## SOURCE MATERIAL
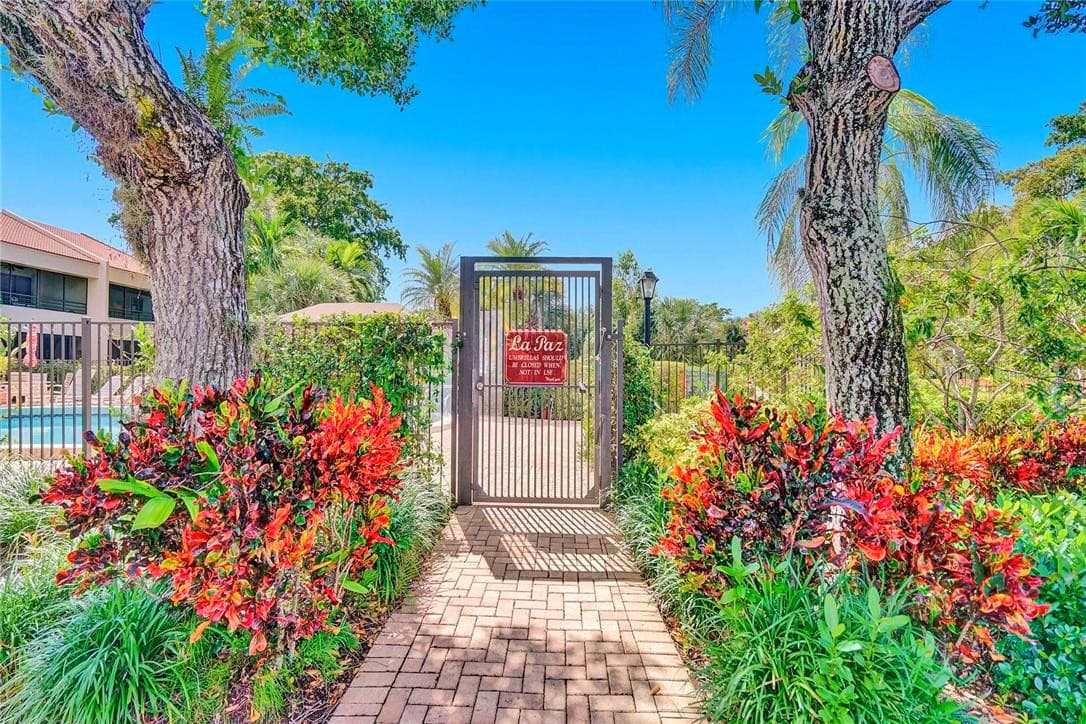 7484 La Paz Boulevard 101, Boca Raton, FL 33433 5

--

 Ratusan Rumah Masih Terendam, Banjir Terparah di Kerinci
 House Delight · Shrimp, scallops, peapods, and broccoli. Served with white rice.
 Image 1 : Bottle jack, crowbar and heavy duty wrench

## ACTIVITY
Above is a listing; print exactly its lines from the one with "Ratusan Rumah Masih" through the one with "Image 1 : Bottle", and no other lines.

## RESULT OF THE TASK
 Ratusan Rumah Masih Terendam, Banjir Terparah di Kerinci
 House Delight · Shrimp, scallops, peapods, and broccoli. Served with white rice.
 Image 1 : Bottle jack, crowbar and heavy duty wrench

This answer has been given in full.